The following data is to be repeated exactly, its pictures excluded.

═══ Data provided ═══

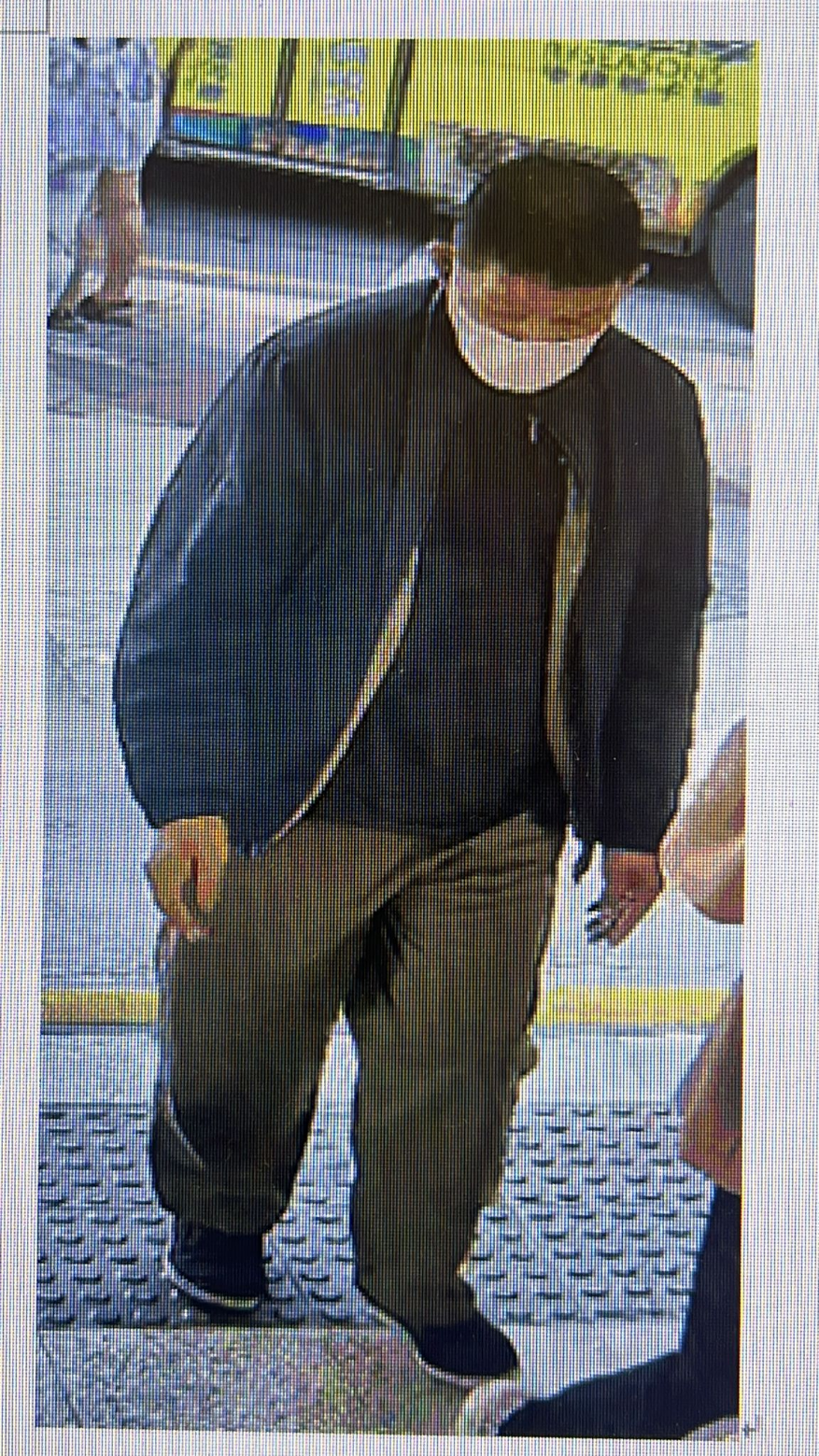 Sit Chi-chung, aged 64, is about 1.6 metres tall, 60 kilograms in weight and of medium build. He has a round face with yellow complexion and short black hair. He was last seen wearing a dark blue jacket, a black top, army green trousers and a pair of black sports shoes.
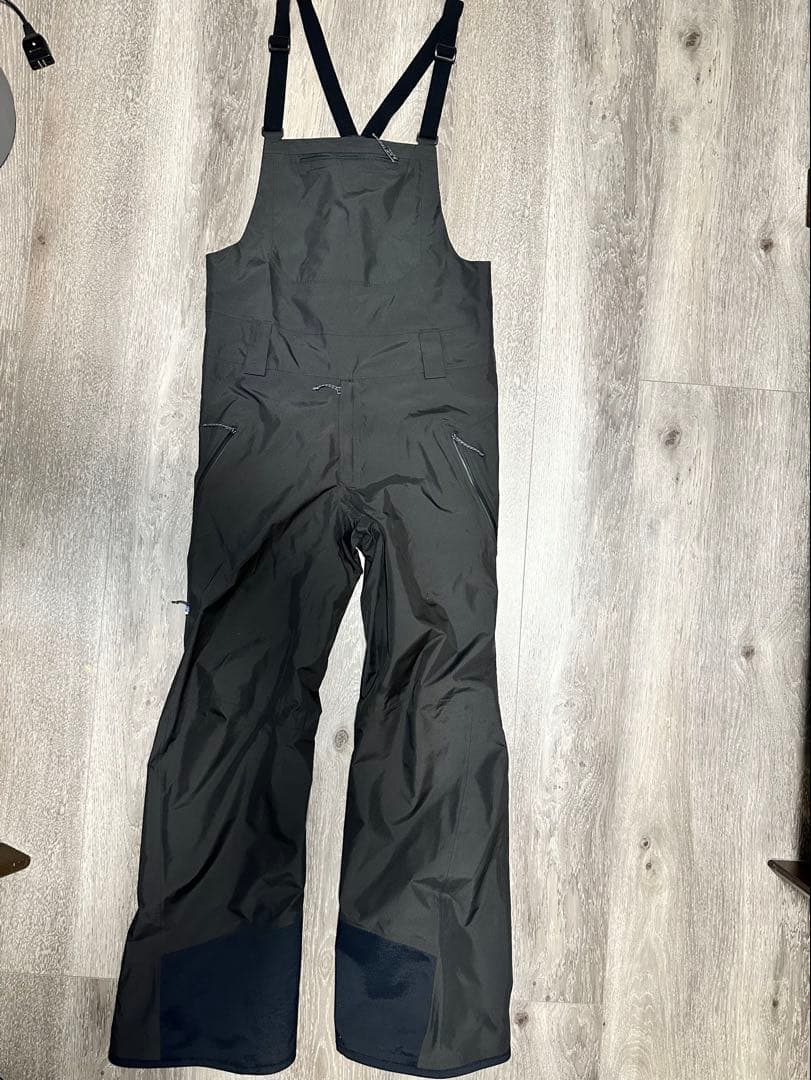 patagonia スキーウェア ブラック S ビブパンツ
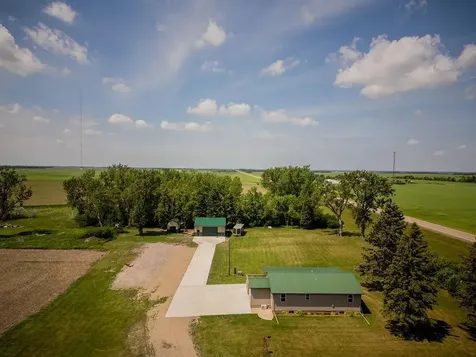 15430 SE Hwy 200 A Blanchard ND 58009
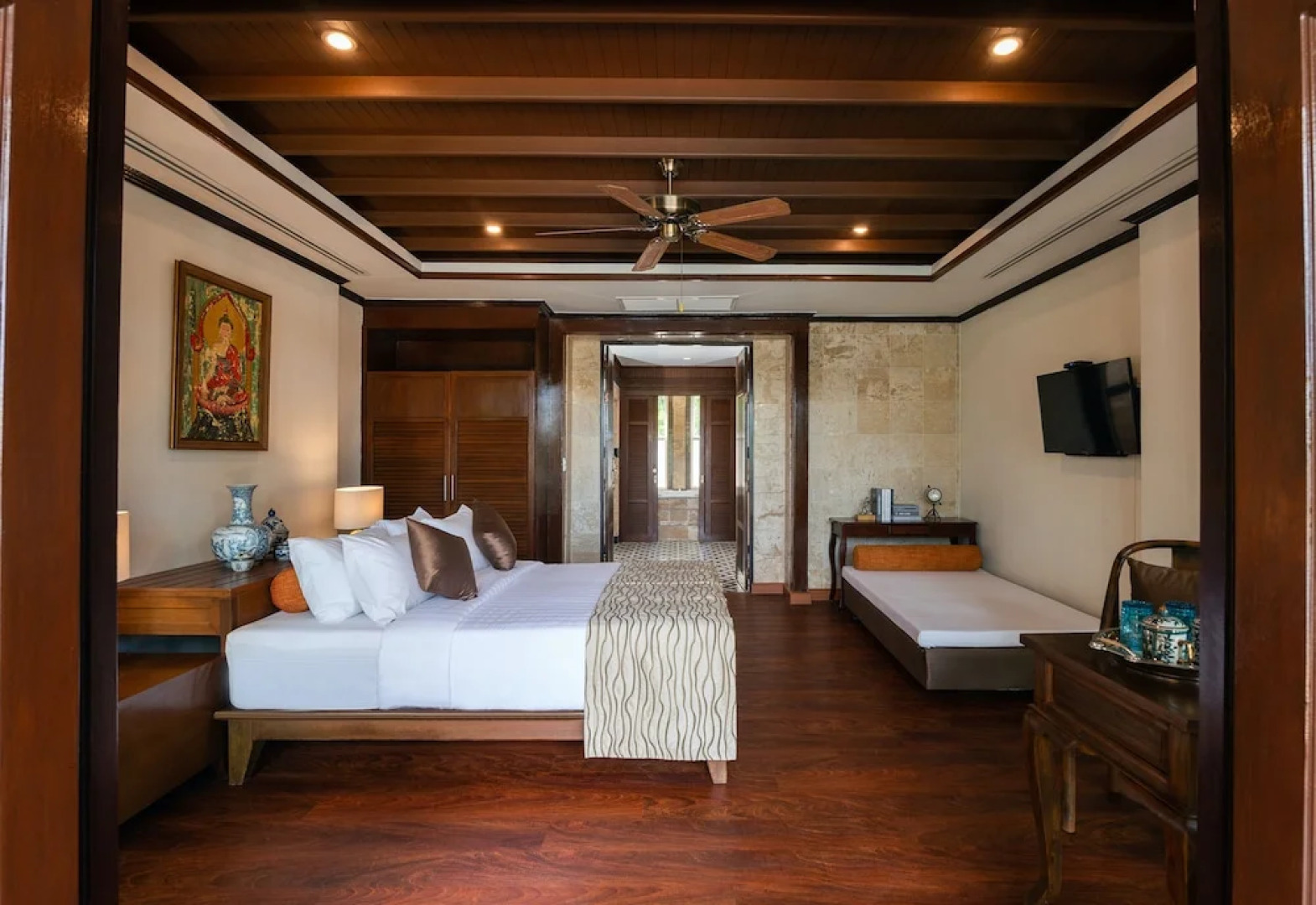 Jantra Residence by Chinocollection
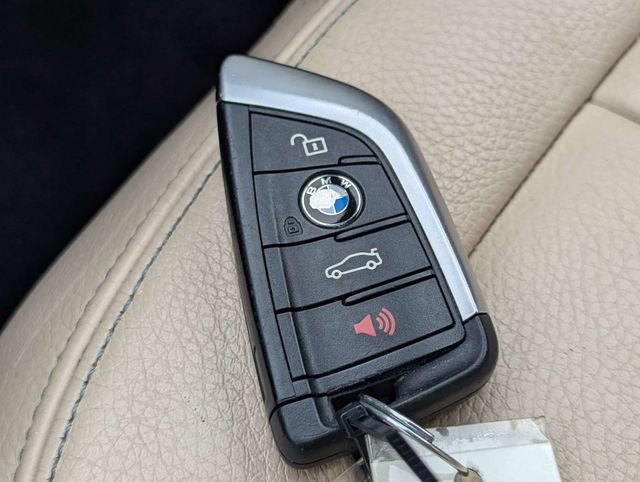 Used 2017 BMW X1 xDrive28i image 29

═══

[Answer below]
 Sit Chi-chung, aged 64, is about 1.6 metres tall, 60 kilograms in weight and of medium build. He has a round face with yellow complexion and short black hair. He was last seen wearing a dark blue jacket, a black top, army green trousers and a pair of black sports shoes.
 patagonia スキーウェア ブラック S ビブパンツ
 15430 SE Hwy 200 A Blanchard ND 58009
 Jantra Residence by Chinocollection
 Used 2017 BMW X1 xDrive28i image 29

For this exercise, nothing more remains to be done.